Assumption Seniors Participate in Mission Work Virtually Across the Globe
The Assumption High School ARISE (Assumption Rocket Immersion Service Experience) Program is an opportunity for seniors to participate in mission trips across the country and world. The first mission trip began in 2003 and was a result of a senior dream, taking a small group of seniors to one site. The program has grown to six different site locations, some international. Hundreds of seniors have taken trips to Appalachia; Solsbury, IN, Cincinnati, OH; Belmont, NC; Washington, DC; Albuquerque, NM; Tucson, AZ; Belize; Nicaragua; and Jamaica. These trips all focus on addressing the critical concerns of the Sisters of Mercy: Earth, Nonviolence, Women, Immigration, and Racism.
Because the pandemic cancelled travel for our students, Assumption got creative in how to make this experience possible in a different way for our seniors. Program coordinator Lisa Wieland shared, “I wanted to continue the relationships we have with our partner agencies and give the students the opportunity to explore the mission of Catherine McAuley, founder of the Sisters of Mercy, and of Assumption High School. When I reached out those agencies, they were thrilled to work with me because they haven’t had volunteer groups since the pandemic began. They had REAL needs that our students could meet. From there, we worked on how to make those service projects work with the students working remotely.”
From there, the idea blossomed. Coordination with Hand-In-Hand Ministries in Appalachia, Belize, and Nicaragua; the Sisters of Mercy in Belmont, Cincinnati, Louisville, and Nashville; Franciscans for the Poor in Cincinnati; and the Mercy Institute Justice Team in Washington, D.C. resulted in a common refrain we heard repeatedly from each organization: Assumption was the first community partner to initiate a creative volunteer project through a virtual mission experience.
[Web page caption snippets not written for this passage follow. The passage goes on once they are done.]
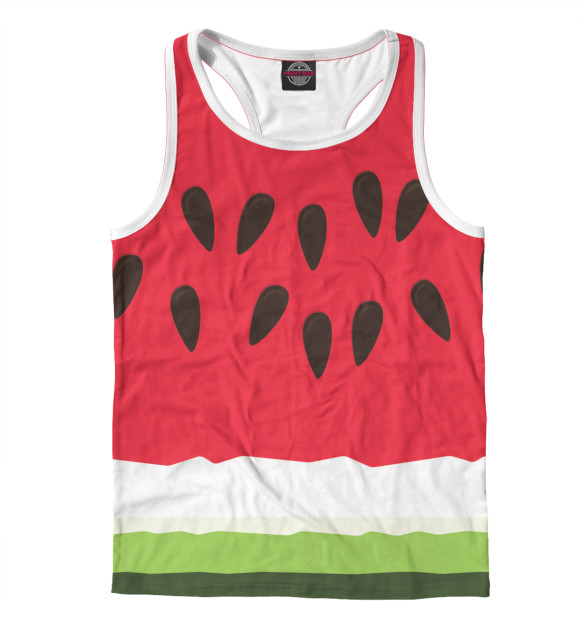 Мужская майка-борцовка с изображением Арбуз цвета Белый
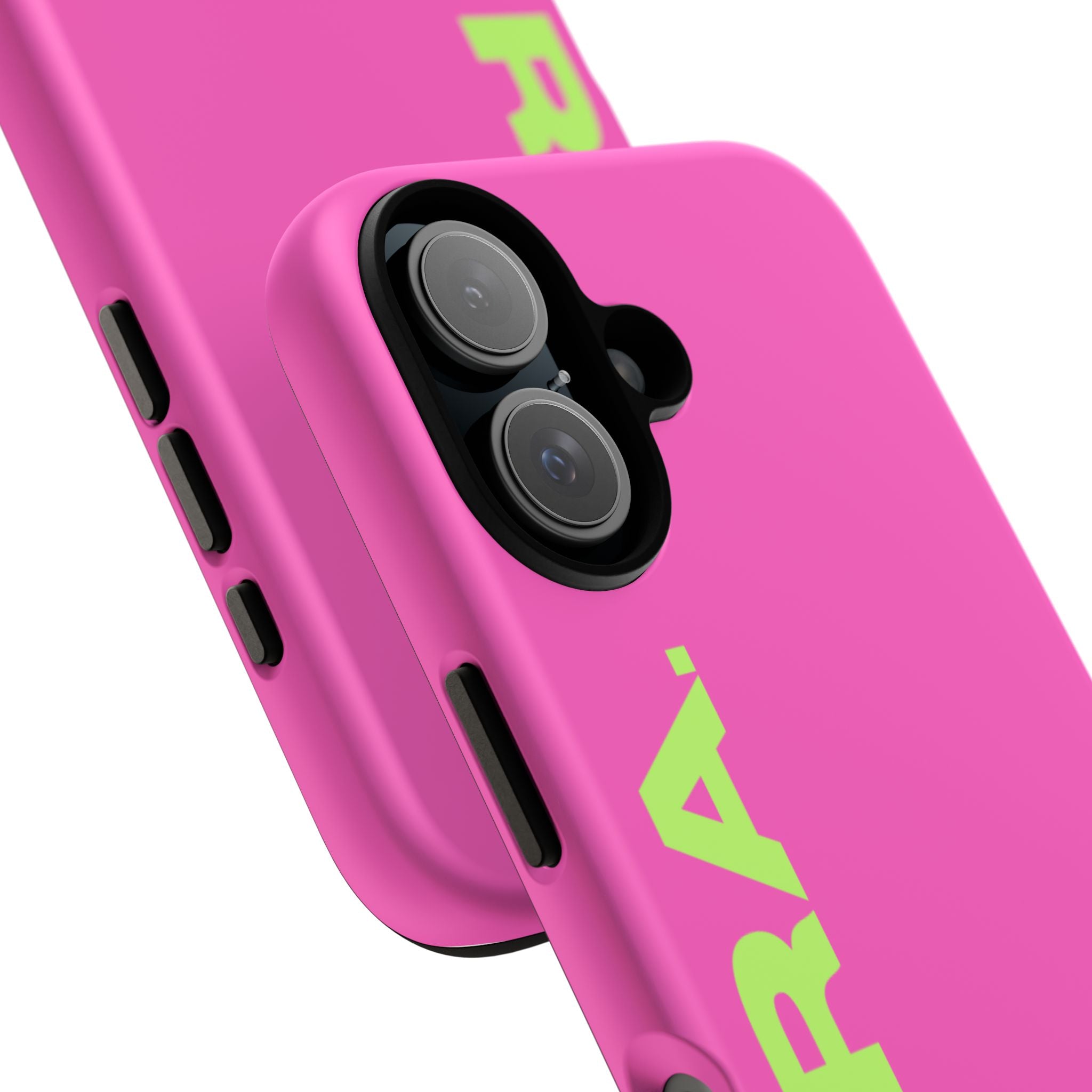 Aura Tough Phone Case — Neon Pink with Lime 'AURA' Logo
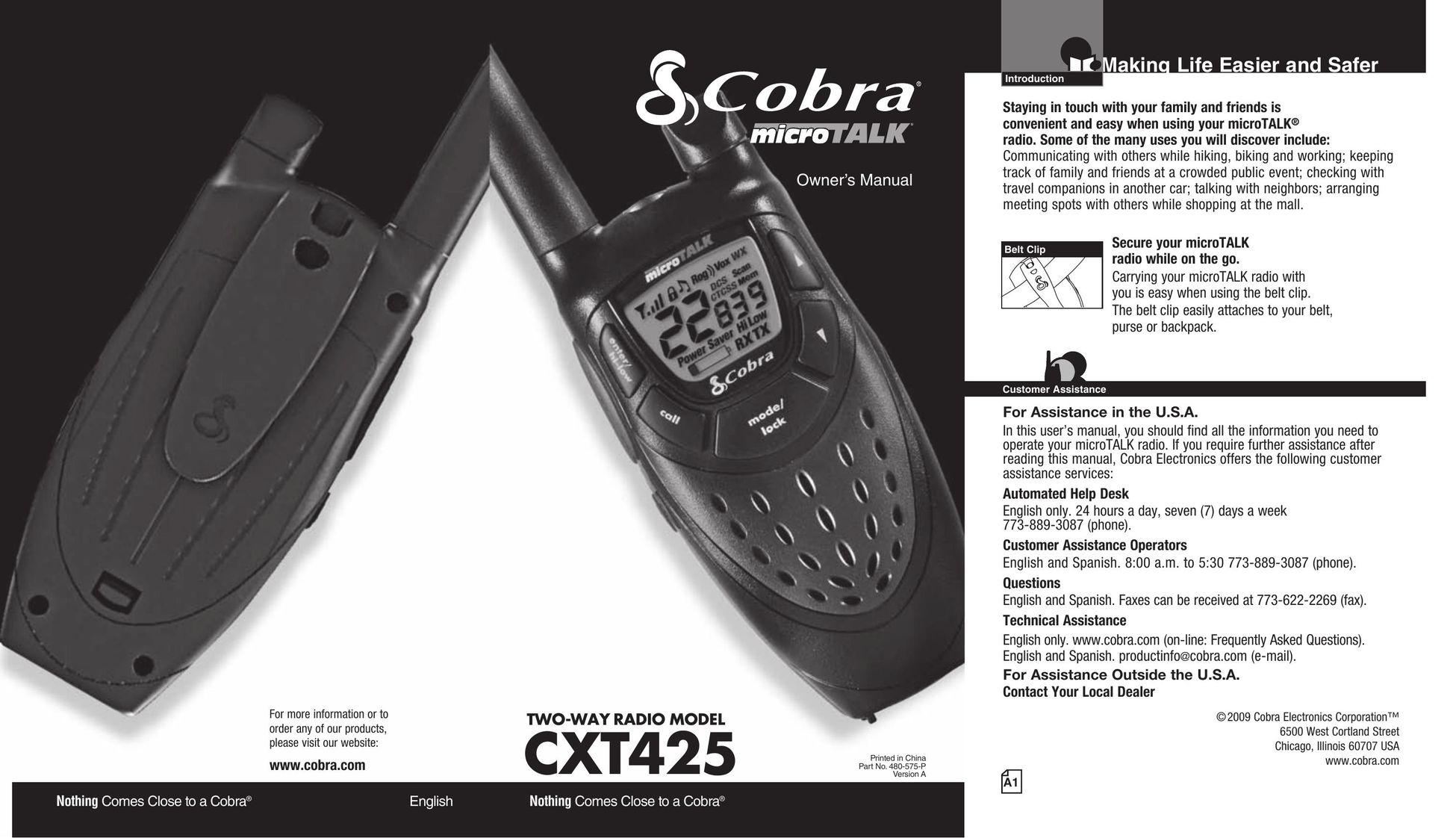 Cobra Electronics CXT425 Two-Way Radio User Manual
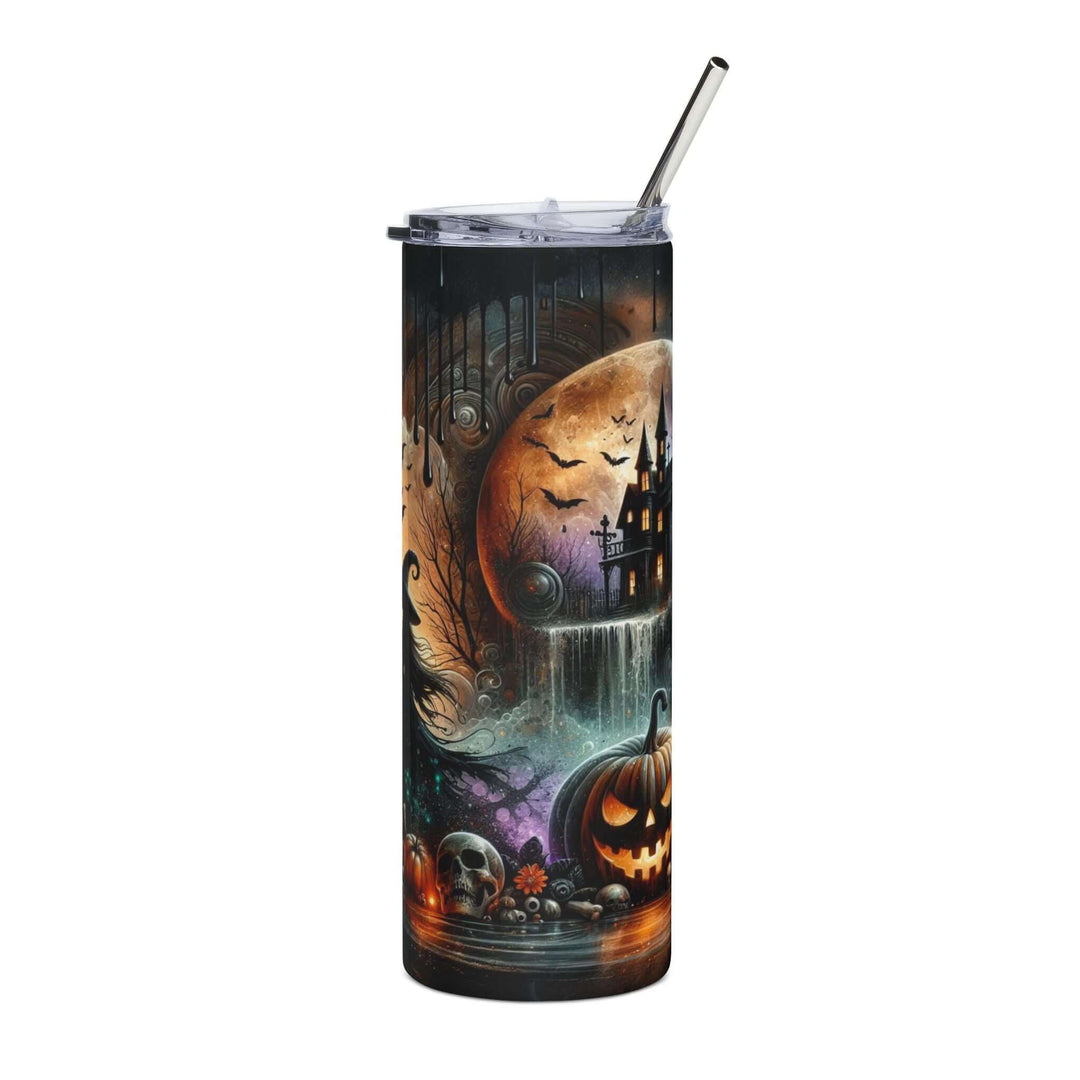 Halloween Gothic Tumbler — Witch Silhouettes, Haunted Houses & Pumpkins (20oz Stainless Steel) Mug Printify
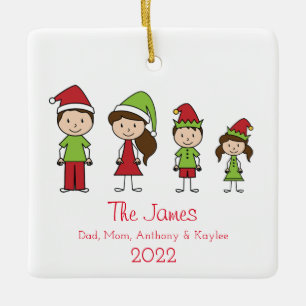Ornamento De Cerâmica Feliz Natal da Família Personalizada
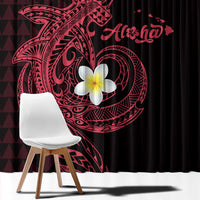 Aloha Hammerhead Shark Window Curtain Feverish Pink Hawaiian Kakau Tribal Tattoo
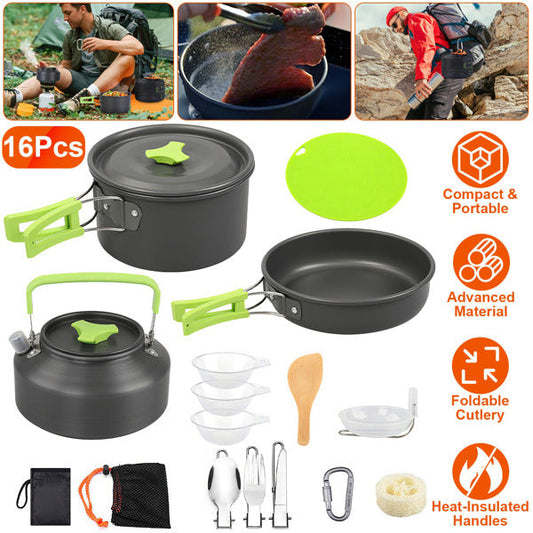 Popote camping inox 16 pièces portable couverts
Since students couldn’t visit in person, their service projects took an innovative spin on what they would have done if they could travel. The students working with those in Nicaragua created movement videos for students in their school who are doing NTI, completed a letter exchange, and participated in a Zoom call with students to help with English and communication. Students working with those in Belize filmed house blessings for the families to be used after their homes are built. The students working with Auxier in Appalachia helped collect materials for welcome blankets for the clients who use their food pantry and other services. Another group wrote letters, creating connections with the Sisters of Mercy in the retirement community who have not had visitors due to Covid. Additionally, those who worked with the Mercy Justice Network lobbied virtually with legislators in Washington, D.C., on behalf of the Sisters of Mercy on the issue of voter suppression and election reform to address racism. The students working with the Franciscans for the Poor created chair exercise and entertainment videos for sisters in retirement communities and prayer services for volunteer groups to follow social distancing guidelines. Each of these projects met a dire need our partner agencies have been struggling with because of the lack of volunteers during the pandemic while also providing students with a real sense of what it means to do mission work.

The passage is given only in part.